Run integration tests against device-analytics staging
Closed, ResolvedPublic
Actions

Assigned To

Authored By

	thcipriani
	Mar 15 2023, 3:41 PM

Description

Background:

device-analytics is deployed in k8s "staging" namespace
It can be accessed via service url from within the same network
The main Jenkins server can
- schedule the run post-merge jobs
- access k8s "staging"
The deployment pipeline supports running helm test on post-merge
- examples of use are mathoid's service-checker

Task:

Create a container for @EChukwukere-WMF 's test suite that can be used via the deployment pipeline
Update .pipeline/config.yaml to test the resulting device-analytics container on post-merge (example: Mathoid's pipeline config
Update the helm-chart to include tests that invoke the container (example: mathoid chart
Run the container via the pipeline
- If there is a test failure the container should exit with a non-zero exit status causing post-merge test to fail

Details

Other Assignee: EChukwukere-WMF

Related Objects
Search...

Status	Assigned	Task
Resolved	Atieno	T332193 Run integration tests against device-analytics staging
Resolved	Clement_Goubert	T333550 Requesting access to analytics-privatedata-users for atieno
Resolved	Clement_Goubert	T334480 Remove phabricator Multi-factor Auth for Atieno

Event Timeline

thcipriani created this task.Mar 15 2023, 3:41 PM

Restricted Application added a subscriber: Aklapper. · View Herald TranscriptMar 15 2023, 3:41 PM

JArguello-WMF triaged this task as High priority.Mar 17 2023, 1:55 PM

Hi @hnowlan for the device-analytics "It can be accessed via service url from within the same network" is there a documented way to do this accessing..? first by a human then by the automated tests..? cc @EChukwukere-WMF

Atieno moved this task from Next Up to In Progress on the API Platform (Sprint 06) board.Mar 21 2023, 1:42 PM

Atieno claimed this task.Mar 21 2023, 1:44 PM

The service can be accessed within the production network via commands similar to curl https://staging.svc.eqiad.wmnet:4972/metrics/unique-devices/en.wikipedia.org/all-sites/daily/20160201/20160229. For now this should work for manual tests

Thanks Hugh.

Notes from sync with @EChukwukere-WMF

Atieno to transfer the tests repos from Gitlab to gerrit
Will we be breaking up the tests from one AQS tests folder into individual tests repos in gerrit..?
Another option is to have the monorepo and then skip all tests except the service specific one

Some notes from the API Gateway & Thumbor SRE Check-In

The steps on this task describe running @EChukwukere-WMF 's test suite as part of helm test
It will be mostly trivial to run the test suite manually against staging
But it's more work to build it into the pipeline via helm test
There's consensus that running the test suite manually is a pre-requisite for deployment
There's less consensus about whether the helm test stage is needed—it sounds like it's suboptimal

Open questions:

Is running the test suite as part of the pipeline a pre-requisite for deployment? (leaning no, I think)
During the meeting, we mentioned that the proposal on this ticket (i.e., using helm test via the pipeline) is suboptimal
- Should we change the scope of this ticket to only cover running the test suite manually (probably)?
- Should we try for the helm test implementation as described in this ticket? (@BPirkle @SGupta-WMF @Atieno ?)
- Are there other ways to achieve the same result in less-sub-optimal ways (I heard @hnowlan used the word "ganeti VM" at some point 😄)?

My thoughts:

I consider running Emeka's test suite manually as a prereq for deployment. Sounds like that is relatively straightforward, hooray
I would support changing the scope of this ticket to running the test suite manually, provided we create another ticket to consider the possibility of running it in automated fashion
the helm test state is suboptimal compared to an ideal world where the suite runs pre-merge
if post-merge helm test prevents us from deploying code that fails the test suite that sounds better than not running it, even if we would prefer to run it earlier
I don't know what a "ganeti VM" is, but if it helps us, I'll take two plus a side of fries, please :)
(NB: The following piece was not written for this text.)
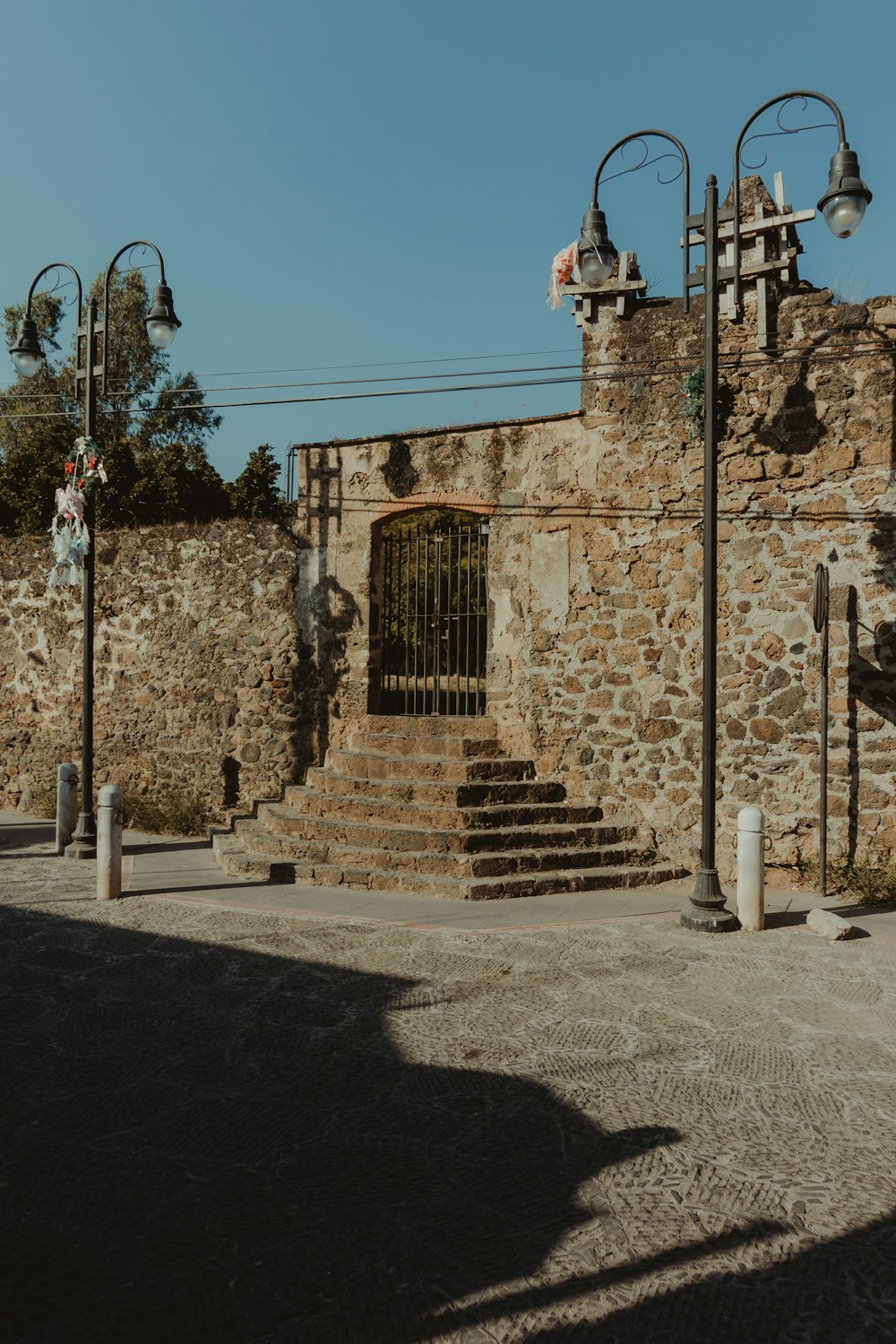 a stone building with a gate and stairs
The things I can recall that make the helm test approach suboptimal:

it involves accessing the production databases from staging
any failures are only caught post-merge, which means that faulty code has already been merged to the main branch

I can live with #2 if that's our only way to run these tests automatically. I can see why we'd disallow #1 as a matter of policy. I understand it would be challenging to create staging datastores that mirror production. I wonder if there's something less ambitious we could do that would offer sufficiently robust data for the test suite without mirroring the full production dataset.

None of this discussion covers the in-service integration tests. I don't think it is necessary to run those manually in staging before deployment, as we run them locally all the time already. However, if it isn't much trouble, it'd be welcome. Ideally, we'd also have a way to run those in automated fashion just like Emeka's test suite. They face essentially the same challenges, so maybe the same solution would work for both.

Sounds good I can work on implementing the manual tests againsts staging.. @hnowlan please remind me + link me to the platform you said we can upload the test suite to..thanks

What i feel :-

Running the test suite is definitely a pre-requisite for any deployment.

The helm test post merge seems like a good approach to me only if mandate running the test suite locally by developers first or have a dev or ganeti VM.

Otherwise, there are risks associated with running the test suite on staging post merge , which are frequent code reverts and incorrect code propagation in repo if not reverted timely.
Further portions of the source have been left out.